Interestingly enough, even after the pre-listing hype eased and with the steady decline of the stock price, Big Hit’s stock price has never dipped below the IPO price of 135,000 won. As of October 30, the stock is valued at 142,000 won, with analysts saying this price is “more reasonable and based on the fundamentals of a company which relies heavily on” one group for revenue.
Indeed, Big Hit’s success can be mainly attributed to K-pop superstars BTS and their enormous fanbase, officially termed the BTS A.R.M.Y. Since their debut in 2013 under Big Hit Entertainment, BTS has performed sold-out shows around the world and broken numerous Billboard chart records. With their Love Yourself: Tear album in 2018, they became the first Korean group to top the Billboard 200. They repeated the feat with Love Yourself: Answer and Map of the Soul: Persona, which was the best-selling Korean album of all time until BTS beat their own record with 2020’s Map of the Soul: 7. Similarly, on October 12, BTS’s remix of “Savage Love (Laxed -- Siren Beat)” has even beaten out their own recent all-English single, “Dynamite”, for the top spot on the Billboard Hot 100.
In 2019, BTS sold 6.21 million albums, while SEVENTEEN, the next most popular group under Big Hit, sold 1.45 million. In 2020, BTS sold 4.26 million copies of Map of the Soul: 7, while SEVENTEEN sold 1.2 million copies of their seventh mini album. It comes as no surprise, then, that BTS accounted for 87.7 percent of Big Hit’s revenue for the first half of 2020, and 97.4 percent of Big Hit’s 2019 revenue.

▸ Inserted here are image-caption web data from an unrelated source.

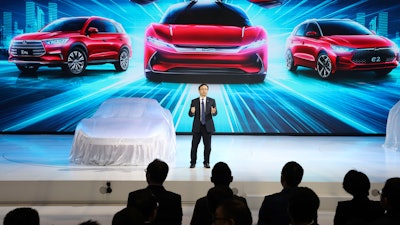 In this April 16, 2019, file photo, Wang Chuanfu, chairman and president of BYD Auto, prepares to show the latest cars during Auto Shanghai 2019.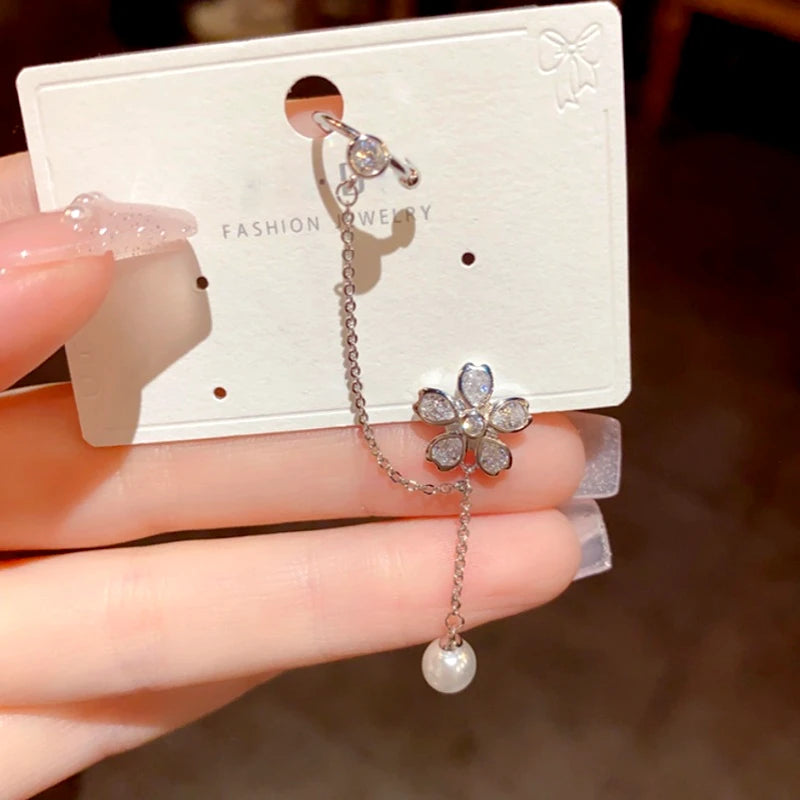 Close-up detail of the sparkling zircons and plating on the Ear Clip Tassel Earrings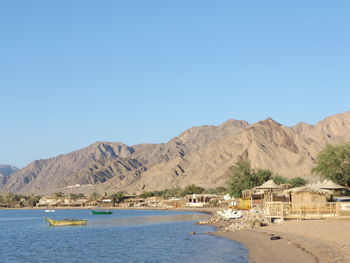 Scenic view of sea and mountains against clear blue sky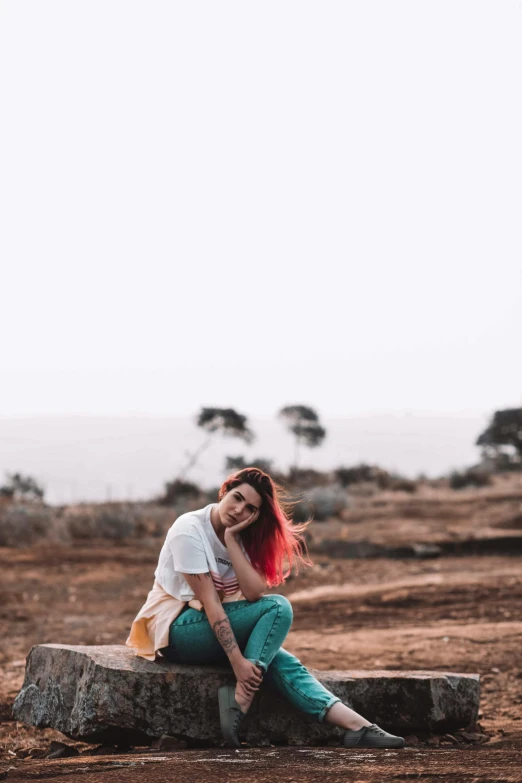 a woman sitting on top of a tree stump, trending on pexels, color field, red hair girl, view(full body + zoomed out), trending on artist, handsome girl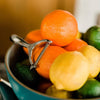 Fruit bowl with oranges, lemons, and limes on a bar counter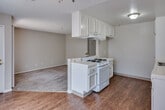 Located at 137 N Orange Ave in Brea, California, this single-floor unit offers a functional and well-organized layout designed for comfortable everyday living. The kitchen is a standout feature, equipped with white cabinetry, tile countertops, a gas cooktop on a peninsula island with overhead ventilation, a dishwasher, and a sink — all set on hardwood-style flooring that adds warmth to the space. The kitchen flows openly into the living area, which is finished with plush carpet and features a sliding glass door fitted with vertical blinds, allowing natural light to fill the room while providing access to outdoor views. The bedrooms continue the carpeted aesthetic and include closets with built-in shelving, as well as sliding glass doors that bring in additional daylight. Both bathrooms are thoughtfully designed with accessibility in mind, featuring grab bars throughout. One bathroom includes a combination tub and shower with wood-style flooring, while the second offers a roll-in tile shower with a mosaic-tiled floor and light ceramic tile underfoot. Throughout the unit, textured ceilings, neutral wall tones, and consistent finishes create a cohesive and practical living environment well-suited for a range of residents.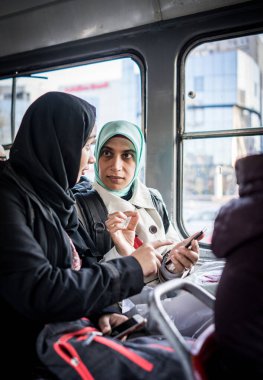 Anne ve kızı şehirde toplu taşıma araçlarına biniyor.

According to a September regulatory filing, the seven members of popular boy band BTS received 478,695 shares in the company in August 2020 “to strengthen long-term partnership with major artists and boost morale”; indeed, now that the members of BTS are shareholders, Big Hit has essentially eliminated any uncertainty regarding future contract negotiations with the group. With the IPO, BTS has earned $15.4 million. In the music industry, this is actually a rarity -- never have industry giants like Universal, Sony, or Warner given stocks to their artists. This transfer of equity is almost exclusively reserved for the likes of early startups, like Kobalt or Elektra, and it could very well change the industry paradigm.

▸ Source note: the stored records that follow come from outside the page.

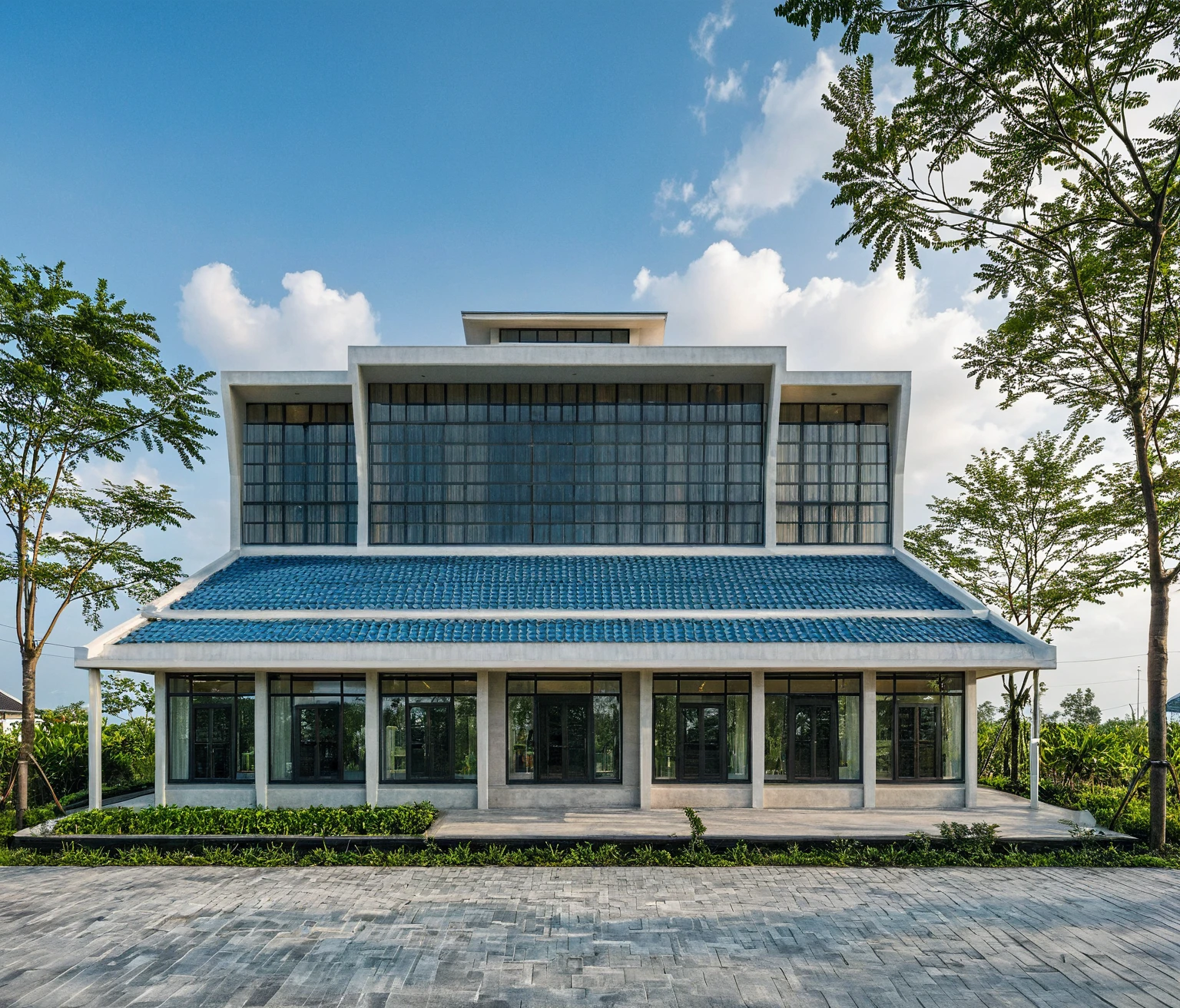 Raw photo, Masterpiece, high quality, best quality, authentic, super detail, outdoors, house style modern on the street , a traditional single-story Thai-style house, large glass window and at the first floor, blue tile roof, white wall, pavement, grass, trees, tropical plants, clear sky, cloud, (nature light), (daylight:1.2)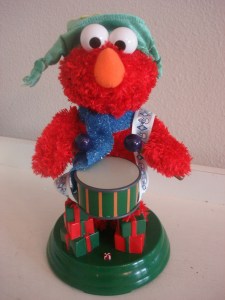 He even has presents below him. Hope he doesn't open his mouth when he plays.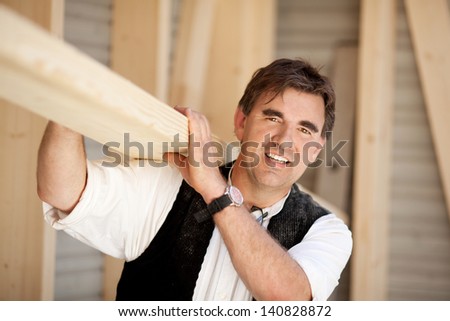 Smiling mature carpenter carrying a large wood plank on his shoulder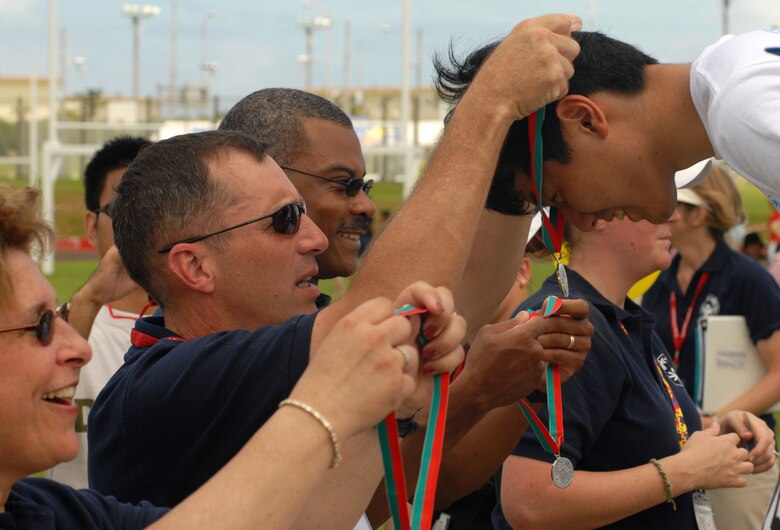 18th Wing Commander Brig. Gen. Brett T. Williams presents Taiki Tamaki, Ohira Special Needs School, a gold medal after completing the 20-meter dash during the Special Olympics held June 24 at Kadena Air Base, Japan.
 (U.S. Air Force/Airman 1st Class Ryan Ivacic)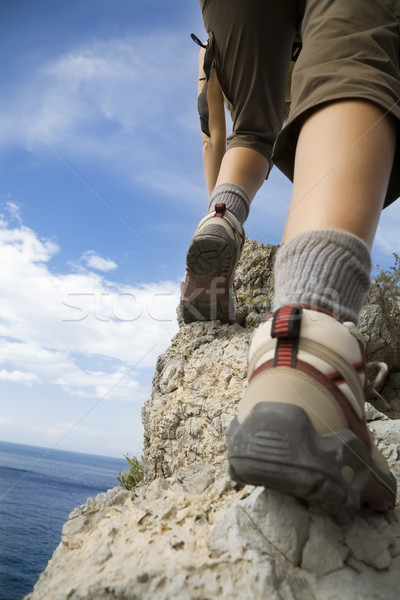 Turystyka młoda kobieta górę górskich niebo sportu Zdjęcia stock © diego_cervo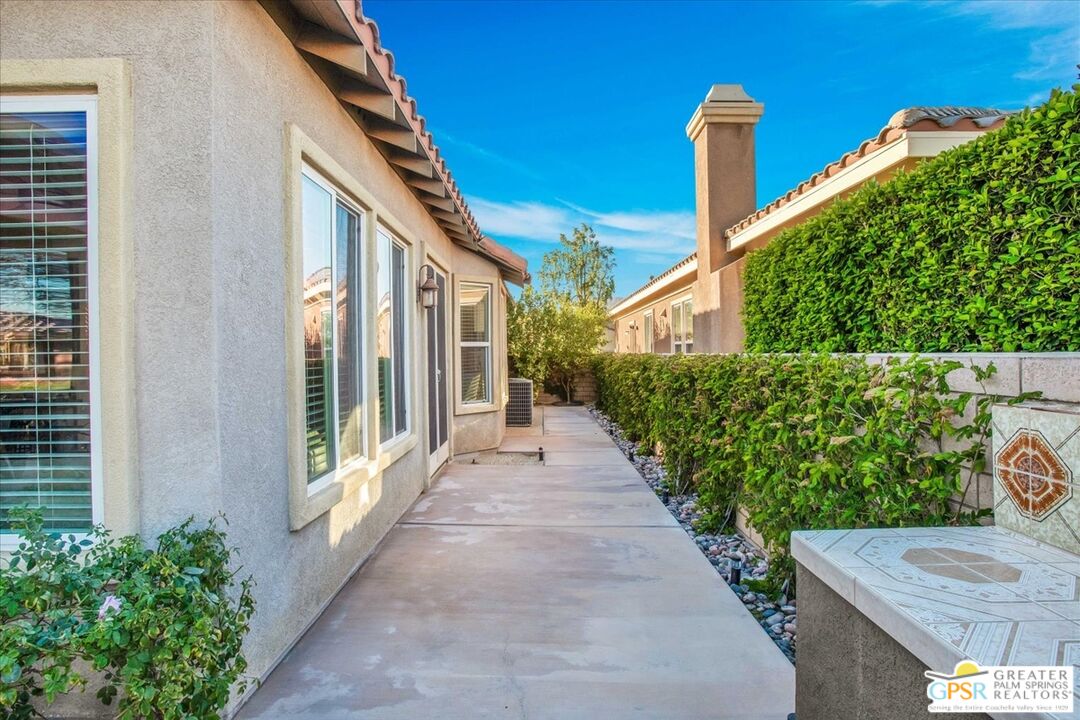 8 Lake Como Court Rancho Mirage, CA 92270 - Photo 42 of 63 a porch with seating space and yard in the back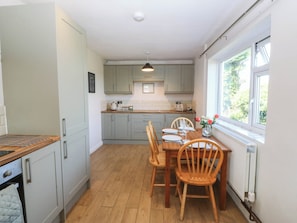 A kitchen with a dining table set for four, wooden chairs, and a window with a view of greenery. - Wilpol (Llanerchymedd)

A looming issue for the group, however, is South Korea’s mandatory 18-month military service for men: the oldest member of the group (at 27 years old) must report for duty by the end of next year, and none of the other members have completed their military service, either. Some have speculated that Big Hit will “either set up units with the remaining members or pursue solo acts while they serve in the military.” Others are confident in the fan base: collaborations with LINE FRIENDS, Samsung, Hyundai, and Starbucks, for example, have already generated enormous economic value for the company.
Presumably to reduce their dependence on BTS, Big Hit has been working steadily to vertically integrate the most profitable services, like online concert platforms. They have recently hired 100 IT personnel from companies like Naver and Kakao, and they have recruited IT veterans to the executive level. They are still recruiting in fields such as app development and management and game development. Already, they have been quite successful with their “Weverse” e-commerce and social media platform, which has allowed Big Hit to expand beyond music management. Sales of digital content have already more than made up for BTS’s cancelled sold-out world tour through the 22 billion won raised from ticket sales for Big Hit’s self-produced concert in June 2020.